The five other lead-positive samples were original Caribbean slippers bought from SM stores that had lead between 2,438 ppm to 22,900 ppm. The “Beard,” “Gary,” “Harper,” “Neptune” and “Zed” styles of Caribbean slippers also had antimony, arsenic, cadmium and chromium above levels of concern.
The EcoWaste Coalition noted that four pairs of bogus “Havaianas” (costing P35 to P50 per pair) and two pairs of fake “Crocs” (costing P100 and P150 each), all from Divisoria, were found to contain low or non-detectable levels of lead.
An original Havainas costing P995 had non-detectable lead. The item was purchased at the Havaianas shop in Robinsons Place, Ermita.
An original Banana Peel flip flops from SM had no detectable lead content, but was found to contain 194 ppm of chromium.
An original Planet slippers, also from SM, had no detectable level of toxic metals.
“The additional data we generated only underscore the need to get rid of lead-containing consumer products like slippers in the market to avoid potential human exposure to this brain poison,” observed Thony Dizon, Coordinator, EcoWaste Coalition’s Project Protect.

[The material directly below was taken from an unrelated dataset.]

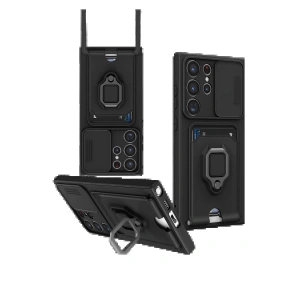 Newface Samsung Galaxy S25 Ultra Kılıf Zuma Kartvizitli Yüzüklü Silikon - Siyah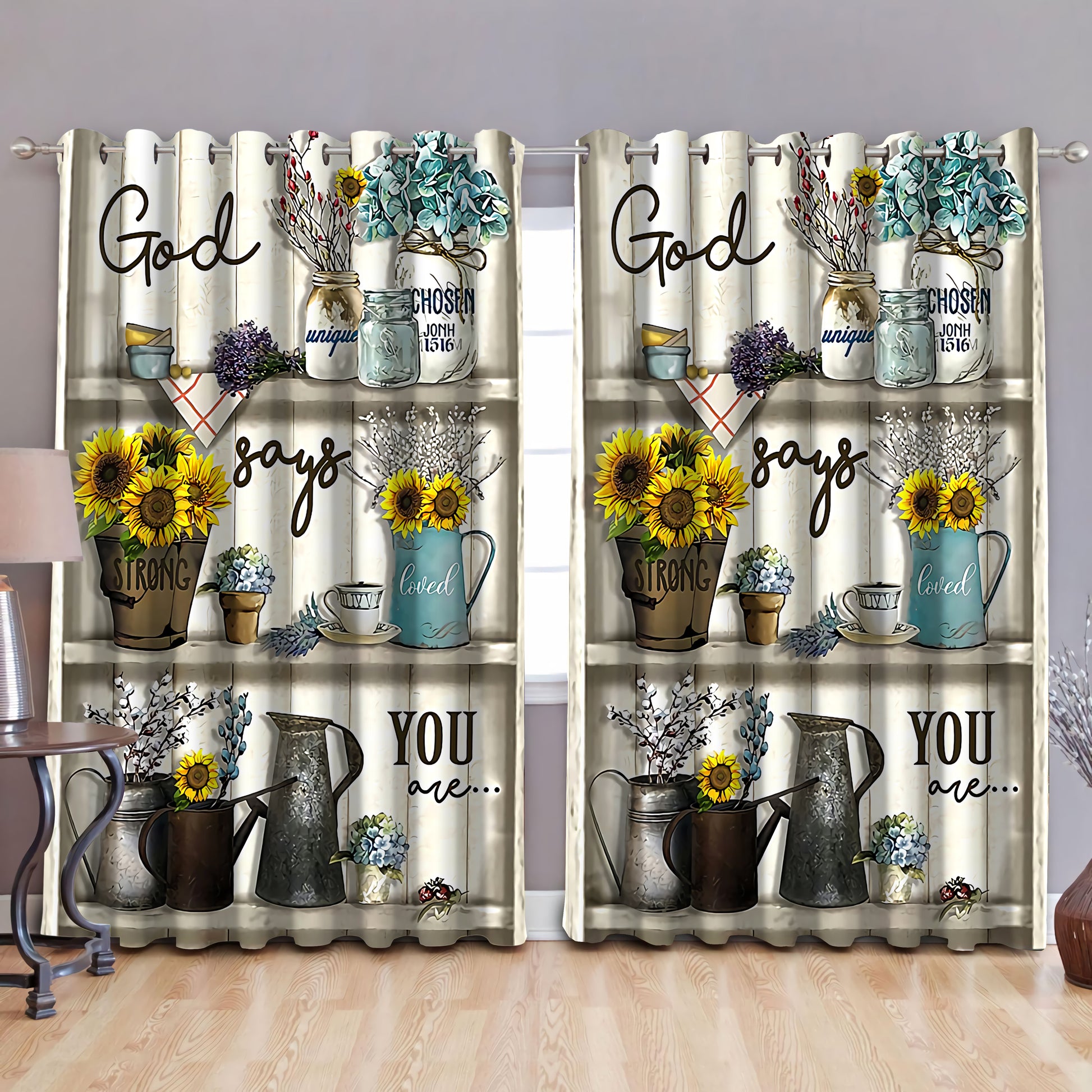 God says you are blackout thermal grommet window curtains HAC250503-HG-HG-52'' x 63''-Vibe Cosy™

“This is a serious health and environmental concern and we ask the government, particularly the Department of Trade and Industry, to take swift action,” he pointed out.
Aside from directly exposing the users to lead through dermal contact, the lead can scatter into the environment as the soles rub on the ground and as the slippers wear out and then later disposed of, Dizon explained.
Based on its latests findings, the EcoWaste Coalition requested the SM management to stop the sale of lead-tainted Caribbean flip-flops.
“In the higher interest of consumer health and safety, we urge you to immediately halt the sale of Caribbean flip-flops and to press your suppliers to only offer safe items with no lead and other toxic metals added,” wrote the EcoWaste Coalition in their letter dated May 3, 2012.
Lead, a brain-damaging chemical, has been linked to reproductive, developmental, behavioral and neurological problems, including birth defects, attention deficit disorder, language and speech difficulties and lower IQ.
Lead exposure occurs through the ingestion, inhalation or skin contact with air, water, food, soil and consumer products containing lead.